We need to suggest to the forum administrator that they put a spoiler tag making shortcut at the top of the reply box like they do with the quote making shortcut or the hyperlink shortcut.

Maybe people would be more willing to use them if they were easier to implement.


----------



## Robin (Dec 6, 2001)

Excellent suggestion. I've looked for it there many times!


----------



## Fofer (Oct 29, 2000)

ferrumpneuma said:


> Spoiler
> 
> 
> 
> Soilent green is made of PEOPLE!!!!!!!!!


I know you were joking, but unlabeled spoilers? Worse than spoiled previews. I mean, if a spoiler isn't labeled, then how am I able to choose if I should be reading it or not?


----------



## scooterboy (Mar 27, 2001)

StacieH said:


> I dunno. I guess since you answered your own question, you know it all. I have seen 2 series on DVD, and to be honest, I can't remember.

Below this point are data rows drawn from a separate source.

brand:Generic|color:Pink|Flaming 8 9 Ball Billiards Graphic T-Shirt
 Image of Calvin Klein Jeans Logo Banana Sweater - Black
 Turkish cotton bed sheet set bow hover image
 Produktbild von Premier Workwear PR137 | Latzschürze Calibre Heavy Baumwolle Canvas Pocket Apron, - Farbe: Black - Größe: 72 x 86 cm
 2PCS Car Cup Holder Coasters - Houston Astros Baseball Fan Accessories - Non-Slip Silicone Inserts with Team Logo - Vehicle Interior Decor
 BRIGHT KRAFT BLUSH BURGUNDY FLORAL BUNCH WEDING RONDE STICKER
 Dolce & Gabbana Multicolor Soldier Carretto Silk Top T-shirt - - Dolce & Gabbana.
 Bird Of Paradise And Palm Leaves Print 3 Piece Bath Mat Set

It was simply a rebuttal to your claim that previews are part of the episode. They are not.



> But again, previews don't bother me IN THE LEAST. In fact, I look forward to them. I get disappointed when they AREN'T shown. I just do not see the big deal of letting a spoiler slip now and then.


And as others have already said, therein lies the problem. Because you like to see the previews, you can't understand why others don't or why it is a big deal for others to not be spoiled by them (even "now and then"). Some like to be *totally* surprised when watching the next episode and prefer to know *nothing* about it. Even 8 seconds worth. Even if that 8 seconds is totally misleading. You don't feel that way, but why can't you respect that some other people do?

I recently complained about a spoiler where someone (I think) simply posted their comment in the wrong episode thread. And it's actually not that important to me to avoid spoilers. But I was thinking of the others to whom it is more important. I was hoping the person would say "oops" and remove it. But he didn't even acknowledge that it was a faux pas - he simply defended his post by saying it wasn't a "plot spoiler". 

Like macplanterguy said, it really baffles me how some of the otherwise logical people here have this blind spot.


----------



## Jonathan_S (Oct 23, 2001)

scooterboy said:


> And as others have already said, therein lies the problem. Because you like to see the previews, you can't understand why others don't or why it is a big deal for others to not be spoiled by them (even "now and then"). Some like to be *totally* surprised when watching the next episode and prefer to know *nothing* about it. Even 8 seconds worth. Even if that 8 seconds is totally misleading.


I think murgatroyd did a nice job of explaining why some people prefer to watch totally unspoiler in this post.

I know I have a bit of the same issue with spoilers. They cause me to watch the episode always wondering when that scene or line is going to pop up.
In my personal opinion watching a show w/ spoilers (be they from a preview or some other source) is less enjoyable that either watching for the 1st time or watching a 2nd time.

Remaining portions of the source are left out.